* [Task objective]: In the listing below, locate the line containing "cover-bh-14072026-ookbee" and copy it and every line after it through the end, exactly as written, leaving out any pictures.

* [Recorded information]:
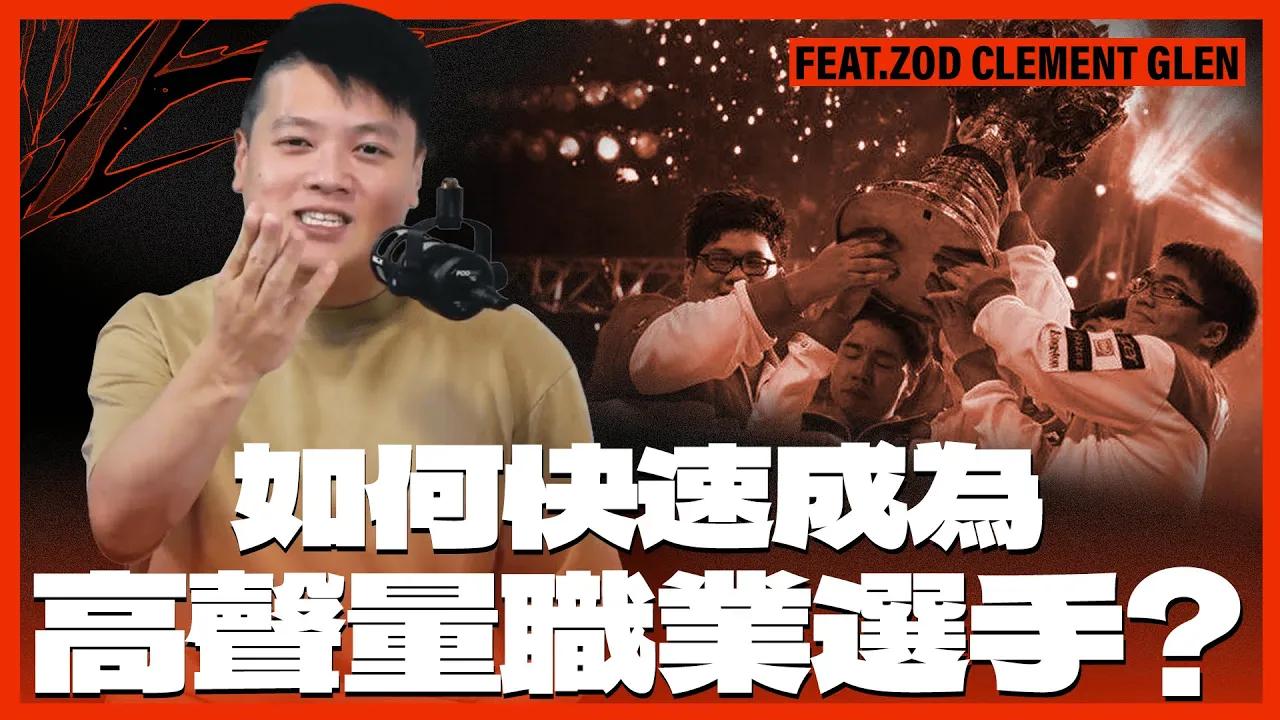 如何快速成為高聲量職業選手？Feat. ZOD / Clement / Glen | TALON Podcast 試播集【精華】 thumbnail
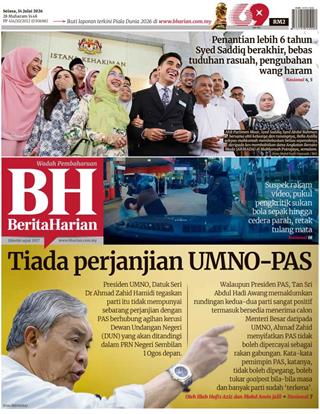 cover-bh-14072026-ookbee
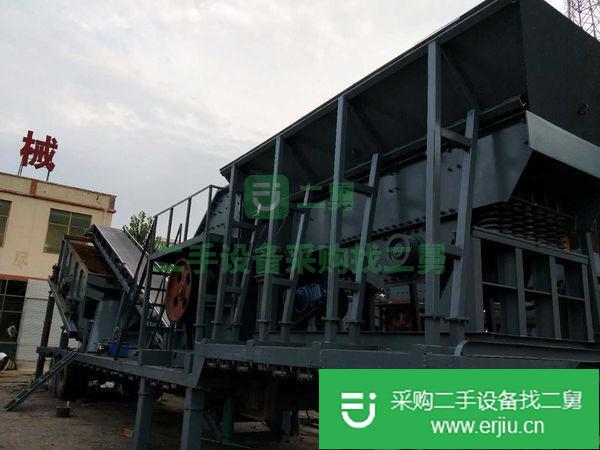 出售移動式破碎機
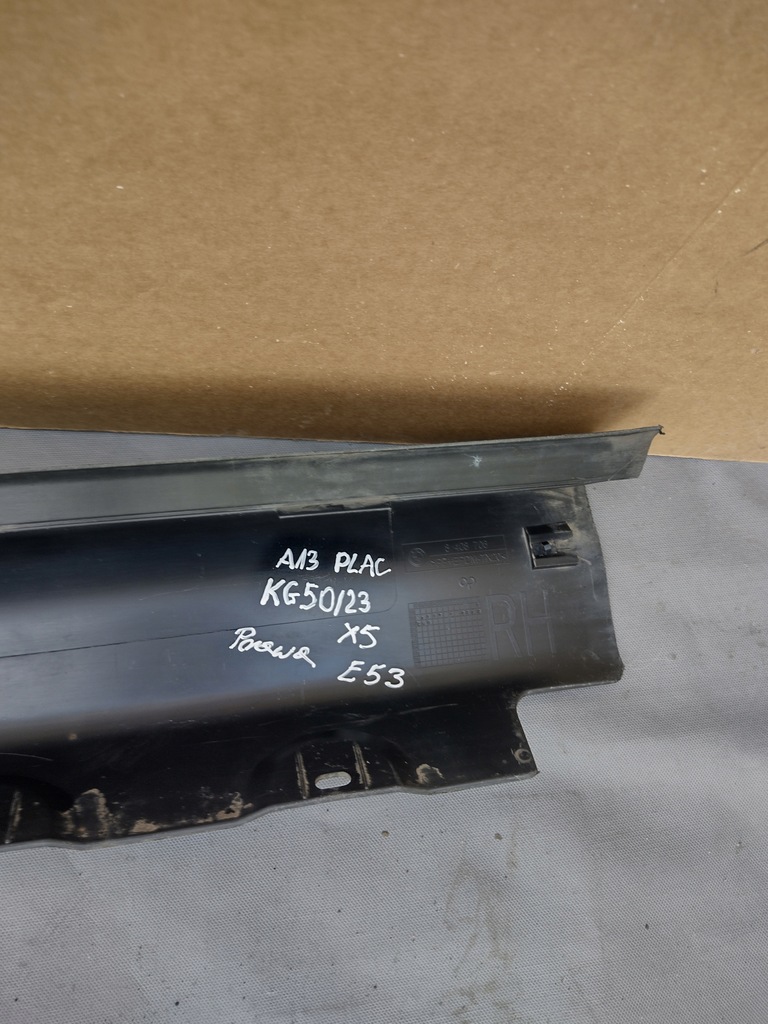 фото №11, Молдинг порог правая bmw x5 e53 оригинальный номер 8408706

* [Response]:
 cover-bh-14072026-ookbee
 出售移動式破碎機
 фото №11, Молдинг порог правая bmw x5 e53 оригинальный номер 8408706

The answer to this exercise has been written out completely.